*Task to complete*:
Your answer should be the exact lines of the data below from the one containing "étoiles - Foto 24" through the one containing "Lavender fields at"; please include nothing else.

[Data shown — start]

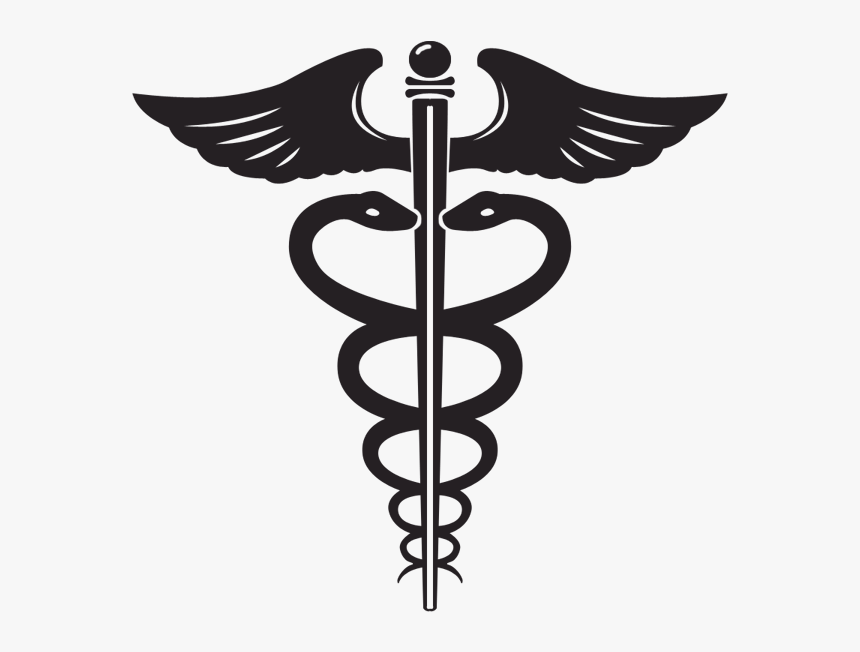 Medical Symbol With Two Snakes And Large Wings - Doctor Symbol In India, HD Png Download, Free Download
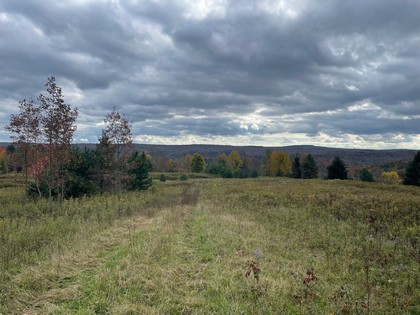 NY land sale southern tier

[Data shown — finish]
[Data shown — start]

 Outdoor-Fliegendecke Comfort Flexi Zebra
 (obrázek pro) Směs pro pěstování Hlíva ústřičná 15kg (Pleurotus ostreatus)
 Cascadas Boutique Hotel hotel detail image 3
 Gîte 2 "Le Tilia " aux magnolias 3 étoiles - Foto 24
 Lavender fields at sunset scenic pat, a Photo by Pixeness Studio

[Data shown — finish]
[Data shown — start]

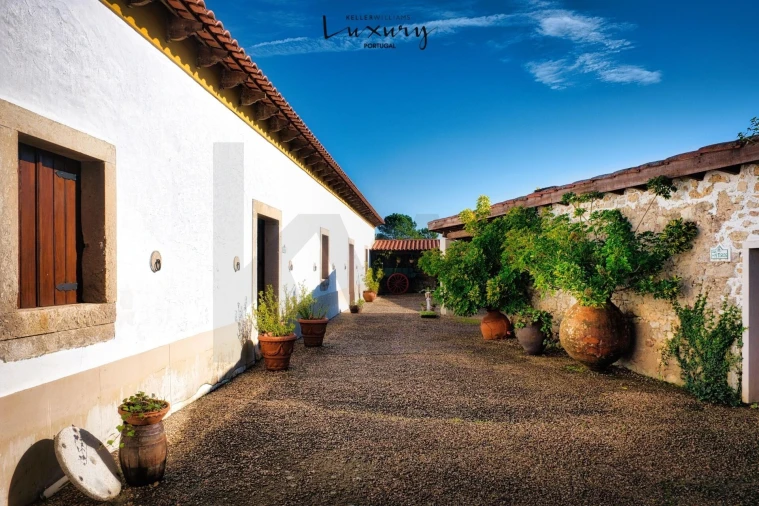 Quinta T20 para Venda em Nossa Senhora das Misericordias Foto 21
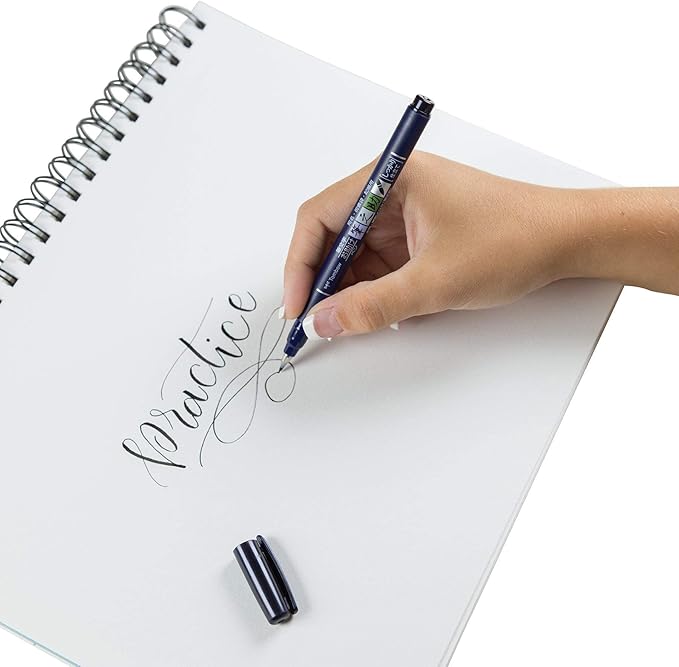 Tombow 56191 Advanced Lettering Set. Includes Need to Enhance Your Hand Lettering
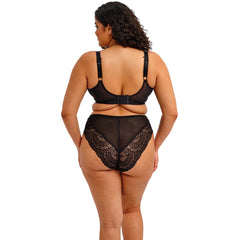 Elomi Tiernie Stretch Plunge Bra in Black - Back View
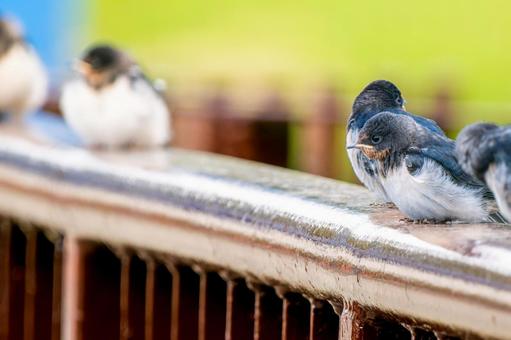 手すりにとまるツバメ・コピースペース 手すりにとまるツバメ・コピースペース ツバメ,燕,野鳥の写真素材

[Data shown — finish]

*Result*:
 Gîte 2 "Le Tilia " aux magnolias 3 étoiles - Foto 24
 Lavender fields at sunset scenic pat, a Photo by Pixeness Studio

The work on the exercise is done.